Postgresql – Postgres: Why does pg_stat_get_dead_tuples return 0 when there is still wasted space

disk-spacepostgresql

Using Postgres 11.1, I have been trying to determine/estimate the amount of 'wasted' space in a table that would be recovered by a VACUUM FULL. My plan was to use pg_stat_get_live_tuples (L), pg_stat_get_dead_tuples (D), and pg_total_relation_size (S), then estimate the wasted space as (D / (L+D)) * S.

However, this does not appear to work.

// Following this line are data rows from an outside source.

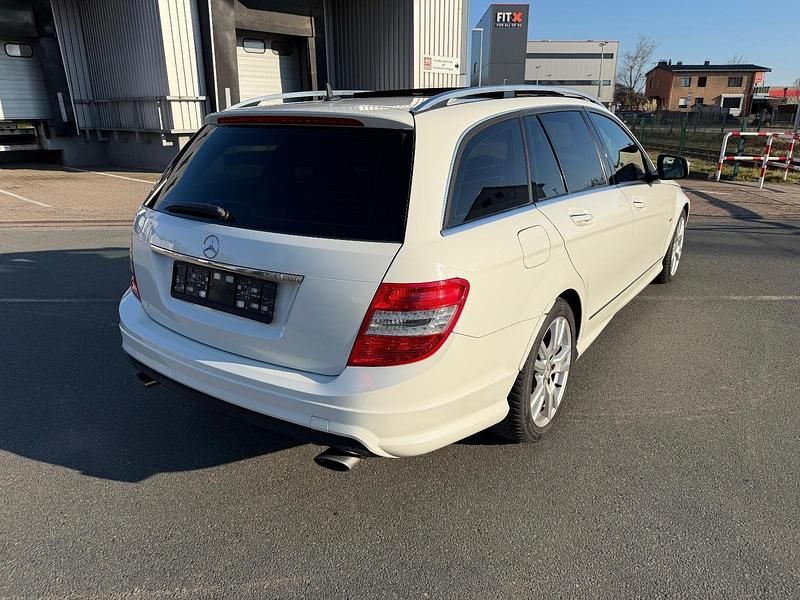 Gebraucht Mercedes C320 AMG line 225 PS (165 kW) 2008 Weiß Kombi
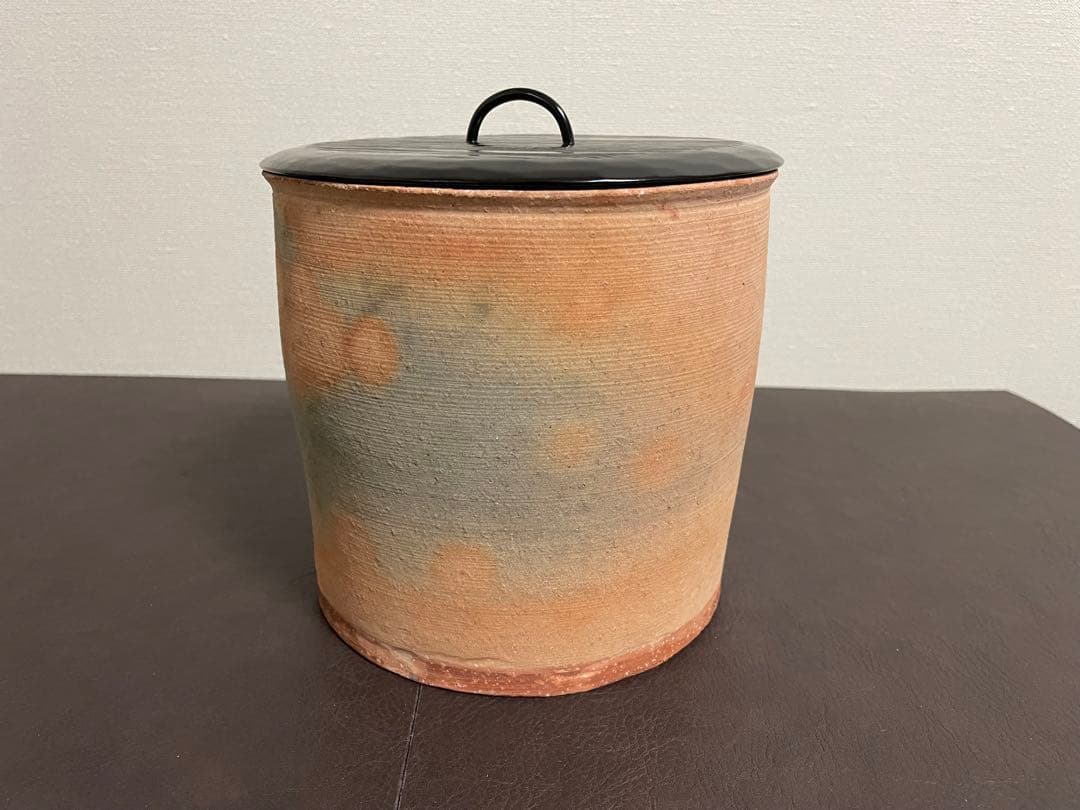 坂田泥華　萩剥離釉窯変寸胴水指　共箱　共布　栞　萩焼　茶道具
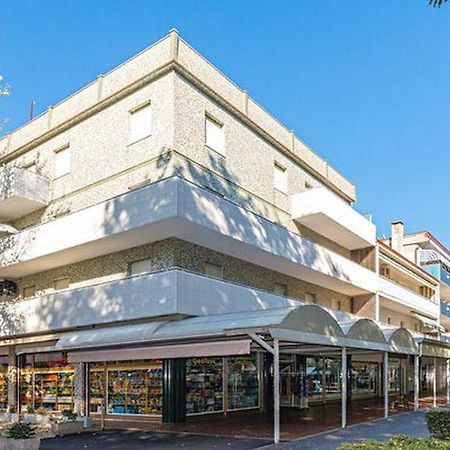 Jolly Apartment Бибионе Екстериор снимка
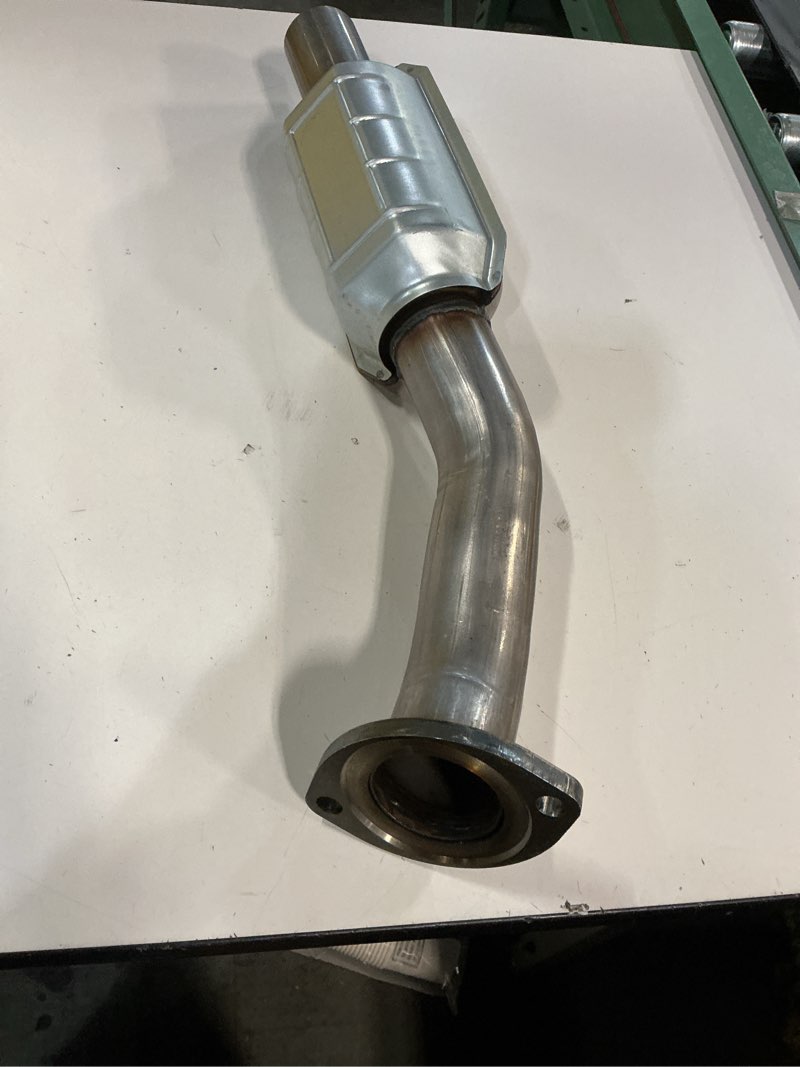 Condition photo showing As Is for catalytic converter for 2006-2008 toyota rav4 2.4l/2009-2012 toyota rav4 l4 2.5l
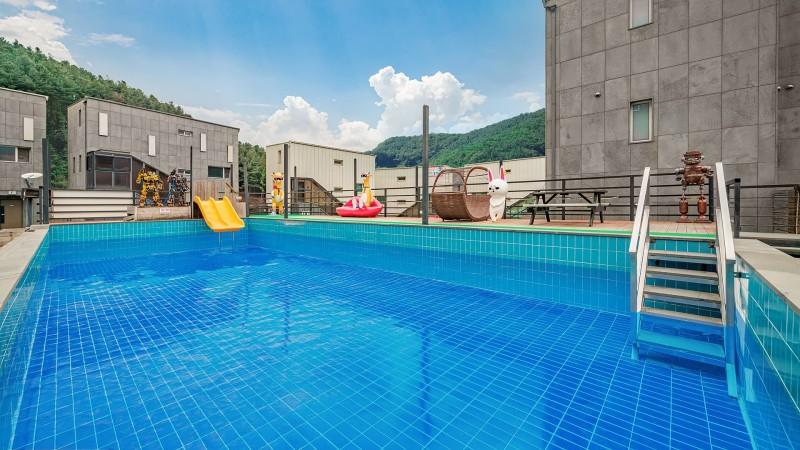 Gapyeong Ramu Kids Pool Villa Pension-25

While investigating why not, I did the following setup:

CREATE TABLE sam_silly(txt TEXT);
INSERT INTO sam_silly VALUES('one');
INSERT INTO sam_silly VALUES('two');
INSERT INTO sam_silly VALUES('three');
INSERT INTO sam_silly VALUES('four');
INSERT INTO sam_silly SELECT txt || '+' FROM sam_silly;
INSERT INTO sam_silly SELECT txt || '+' FROM sam_silly;
INSERT INTO sam_silly SELECT txt || '+' FROM sam_silly;
INSERT INTO sam_silly SELECT txt || '+' FROM sam_silly;
INSERT INTO sam_silly SELECT txt || '+' FROM sam_silly;
INSERT INTO sam_silly SELECT txt || '+' FROM sam_silly;
INSERT INTO sam_silly SELECT txt || '+' FROM sam_silly;
INSERT INTO sam_silly SELECT txt || '+' FROM sam_silly;
INSERT INTO sam_silly SELECT txt || '+' FROM sam_silly;
INSERT INTO sam_silly SELECT txt || '+' FROM sam_silly;
INSERT INTO sam_silly SELECT txt || '+' FROM sam_silly;
INSERT INTO sam_silly SELECT txt || '+' FROM sam_silly;
INSERT INTO sam_silly SELECT txt || '+' FROM sam_silly;
INSERT INTO sam_silly SELECT txt || '+' FROM sam_silly;
INSERT INTO sam_silly SELECT txt || '+' FROM sam_silly;
INSERT INTO sam_silly SELECT txt || '+' FROM sam_silly;
INSERT INTO sam_silly SELECT txt || '+' FROM sam_silly;
INSERT INTO sam_silly SELECT txt || '+' FROM sam_silly;

Then I did an initial count of the space according to these functions. The results were as expected (there are a million i.e. 2^20 rows):

select pg_total_relation_size(c.oid) AS size, pg_stat_get_live_tuples(c.oid) AS live, pg_stat_get_dead_tuples(c.oid) AS dead
FROM pg_class c where relname='sam_silly';
  • 47308800, 1048576, 0

I then deleted half the table:

delete from sam_silly where txt like 'one%' or txt like 'three%';

Immediately repeating the query above gave the results I would expect:

  • 47308800, 524288, 524288

Half the data is alive, half dead.

Then I ran 'analyze' and this is where things got weird:

  • 47316992, 524288, 0

Space went up slightly but now there are no dead rows!

I tried 'vacuum' too:

  • 47316992, 524264, 0

Not much change.

Finally, after VACUUM FULL it behaves as I would expect again:

  • 23519232, 524264, 0

Now there are no dead tuples but also the space has been recovered.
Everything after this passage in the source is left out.